Luis Carlos Muñoz Sarmiento
Cuando me trajo mi mujer a este lugar, jamás me imaginé que no volvería a salir. Pero ya sabes, hijo mío, cuál es el destino final de los viejos. Y no te lo digo como crítica sino como hecho objetivo. Ya sabes que este es un país que tradicionalmente los ha desdeñado, maltratado si no vilipendiado. Ahora bien, lo que aquí te cuento nunca podrá aclararse del todo, pero es de buena fe y con la verdad por sobre todo. Sé que no es fácil hablar sobre la muerte desde ella y sin embargo esto es lo que siento ahora aunque aún no me haya ido. No te desanimes por lo que te pueda contar, ni vayas a dejar llevarte por los nervios ni por la depresión. Cuando le damos forma a un dolor, ella automáticamente nos lleva hacia el alivio, no hacia la derrota. Esta es la ventaja mayor del arte: separarnos de la muerte, pasar por encima de ella. Hacernos sentir que todo, pese a la injusticia, al dolor, a la enfermedad, a la desmesura de los seres humanos, no pasa de ser una anécdota frente a la trascendencia del arte, de la escritura, por ejemplo. Aclaro que nada de lo dicho hasta ahora tiene que ver con quienes manejan este ancianato ubicado aquí en esa augusta villa creada en 1572 con el nombre de Villa de Santa María de Leyva en los solares del colono español Juan Barrera.
Como te decía, mi mujer, que por ironía de la vida se llama también María, aparte de Cecilia, como quizás sabes toda vez que también es tu mamá, decidió un día traerme desde Bogotá contra la oposición de tus hermanos y en especial de uno y recluirme aquí en la Villa, como me gusta decirle. Como habrás notado, no doy nombres para no herir susceptibilidades pero tampoco lo hago porque esta es una historia que se repite en muchas familias a lo largo del tiempo. ¿La razón? No la sé, honestamente. Sólo escuché alguna vez que todo se debió a una bofetada que le di a una de tus hermanas y ella se lo contó a tu madre, quien creyó que la mejor forma de cortar por lo sano era trayéndome acá.
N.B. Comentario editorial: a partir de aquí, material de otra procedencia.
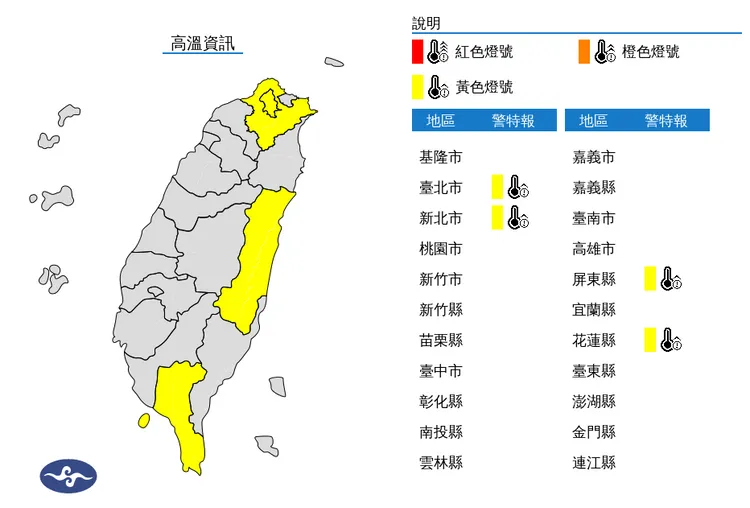 氣象署今（8）日中午前後針對4縣市發布高溫資訊。中央氣象署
Y yo estuve de acuerdo. El problema es que todo fue convirtiéndose en un infierno desde que trajeron a un psiquiatra que comenzó a experimentar con droga propia de su profesión. En particular con una que llaman Epamín.Cada vez que me la iba a dar y no te rías que es en serio, yo le respondía: ¡Epa, y, por qué a mín! Entonces, aunque se llame de otra forma yo le digo Epamín. En realidad, era Sibutramina y yo le decía al médico, de origen argentino: “Che, y en vez de a un hombre, ¿por qué no se la da a otra mina?”, pero el chiste no le causaba gracia al galeno, que en realidad era peruano.
Como a la cuarta o a la sexta ocasión que me la fue a dar, surgieron los problemas. Todo ello por mi orgullo. Y es que la Sibutramina es un fármaco anorexígeno para tratar la obesidad y yo me preguntaba qué obesidad podría sufrir si la única forma de no elevarme cuando hacía un viento como de cometas, era echarme un ladrillo en cada bolsillo o cuando iban a pesarme, para no parecer tan liviano, me echaba unos cuantos cubiertos también a los bolsillos pero, eso sí, no para robármelos, eso jamás: era sólo para dar una buena impresión a propios y a extraños. Pues resulta, hijo, que ante estas cosas no todo el mundo piensa igual, entonces no los monjes franciscanos que cuidan del lugar sino todos aquéllos que hacían caridad con nosotros comenzaron, por efecto del rumor, a creer que, en efecto, yo era un ladrón. Tan pronto el administrador del ancianato supo sobre mis “pilatunas” (a los viejos siempre se les trata como si fueran niños, pero no como si fueran niños), me mandó a llamar a su despacho. Entré, saludé, no me contestó. Lo único que hizo fue, sin dilación, tratar de chuzarme con un anestésico o con un sedante, ya no recuerdo, para luego embutirme la dichosa Sibutramina. Así que cuando fui a reaccionar, con todas mis fuerzas, el Admi llamó a otras dos personas: no, no eran monjes franciscanos, hijo; además, es probable que, en ese caso, nada hubiera pasado. En su lugar, vinieron dos guaimarones, así de grandes, como diría Rulfo, y trataron de someterme. Pero, como ya estaba acostumbrado a estas lides, los recibí a cada uno con un trompadón. La cosa tuvo sus secuelas. Unos cuantos dientes cayeron al piso, otros cuantos morados se dibujaron en sus caras y en sus piernas y unas tantas sandeces volaron por los aires, por lo que pronto llegó la policía, con la que jamás he logrado entenderme y los uniformados mucho menos conmigo.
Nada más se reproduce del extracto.